Where: The Ogden Theatre
Why: Quicksand and Glassjaw are two of the giants of 90s New York post-hardcore. Both established a hard-edged, emotionally harrowing sound delivered with an expert use of a song dynamic that utilized a hovering/hanging delay of the most crushing and driving aspects of the songs. Quicksand, which formed earlier in 1990, have an elastic groove in its specific style, a sinewy rhythm the likes of which some later nü metal bands used with often less interesting results. That because with Quicksand while the lyrics are a discharge of anger and anxiety it’s about a place in life and not a celebration of that anger aimed squarely at someone the singer believes wronged him. After splitting in the 90s, Quicksand returned in 2012 seemingly better than ever with a new album, Interiors, released in 2017.

Glassjaw’s sound by comparison wasn’t a groove so much as a steady, relentless burn with a pause for breath between layers of blistering guitars, echoing yet urgent vocals balanced by drums providing a relatively fluid and nuanced flow of percussion intertwined with fast and dub-like bass lines. Often enough the guitars are used in a way that sound more like musical sound effects giving the band a broad range of sounds and moods for a group playing heavier music. Glassjaw, too, released a 2017 album, Material Control, its first in fifteen years.

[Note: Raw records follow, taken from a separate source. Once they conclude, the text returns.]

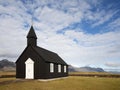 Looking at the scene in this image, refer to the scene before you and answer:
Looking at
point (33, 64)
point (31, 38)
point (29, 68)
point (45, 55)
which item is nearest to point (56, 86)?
point (33, 64)

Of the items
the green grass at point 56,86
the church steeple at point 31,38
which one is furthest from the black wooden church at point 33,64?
the green grass at point 56,86

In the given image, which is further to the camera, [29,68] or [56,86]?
[29,68]

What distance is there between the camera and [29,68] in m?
35.2

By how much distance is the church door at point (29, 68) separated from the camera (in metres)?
34.9

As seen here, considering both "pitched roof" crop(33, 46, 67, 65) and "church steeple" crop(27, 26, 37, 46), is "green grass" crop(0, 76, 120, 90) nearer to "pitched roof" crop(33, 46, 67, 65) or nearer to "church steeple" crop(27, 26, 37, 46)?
"pitched roof" crop(33, 46, 67, 65)

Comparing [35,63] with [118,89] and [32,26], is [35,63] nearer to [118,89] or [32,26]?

Who: Neko Case w/The Space Lady
When: Wednesday, 07.11, 7 p.m.
Where: The Gothic Theatre
Why: Neko Case has lead quite a storied life as a musician and hopefully a book is coming out someday. Most people rightfully know her as a writer of poetic, emotionally nuanced and powerful pop songs the likes of which can be sampled well on her new album, 2018’s Hell-On. But early in her life in music, Case was a drummer for several punk bands as an art student in Vancouver, British Columbia. She also played in various other projects and perhaps most notably with indie rock band The New Pornographers (with whom Case still occasionally records). As a solo artist, Case has shown an uncommon arc of personal growth and artistic development across her whole career as someone who seems to want to explore beyond previous parameters. While it would be inaccurate to say her body of work is avant-garde it is illuminating and inventive. On this date of the tour Colorado-based outsider musician The Space Lady is opening with her otherworldly synthesizer pop including her unique group of covers of classic songs.